Searching (fruitlessly) for tax stories in this morning's Daily Mirror, I happened upon the unlikely suggestion that David Bowie caused the credit crunch.
Writer-broadcaster Evan Davis posits the theory that the Thin White Duke's 1997 securitisation of his royalties - via Bowie Bonds - pioneered a manner in which banks began to operate, which in turn led to the current financial crisis.
Thinking this a fun theory to share with Taxation readers I skimmed the web for a tax angle on Bowie (World's Greatest Pop Star 1972-1977), and I thought I'd found one when I auto-searched his Wikipedia entry for the word 'tax'.
'Wham, bam, thank you, ma'am,' I thought.
Then I noticed the page's opening sentence: 'David "give it here" Bowie (January 23 1889 - August 12 2016) is the pseudonym of former London second-hand car salesman David "Yeah, course it has an MOT" Jones'.
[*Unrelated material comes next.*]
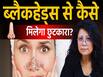 ब्लैकहेड्स हटाने के टिप्स, जानें कारण और स्किन को साफ रखने का तरीका!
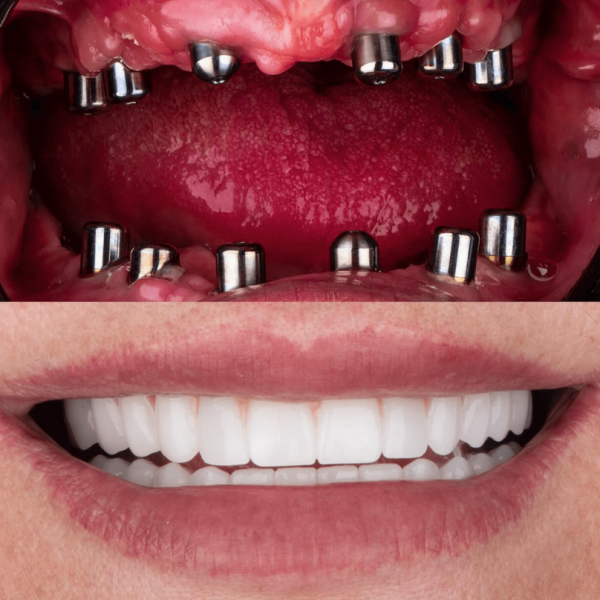 Dental implants in antalya amazing smile turkey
I was in Uncyclopedia, the spoof site that in my haste I'd taken for the more serious offering it so closely resembles.
Imagine my dismay when I realised that The Man Who Fell to Earth and his collaborators Tony Visconti and Brian Eno had not moved to Berlin in 1977 because they were 'facing extradition to the United States over tax evasion'.
It seemed so plausible, too.
Far more so, at least, than Eno 'being prosecuted at the time for a bogus sleep therapy device'.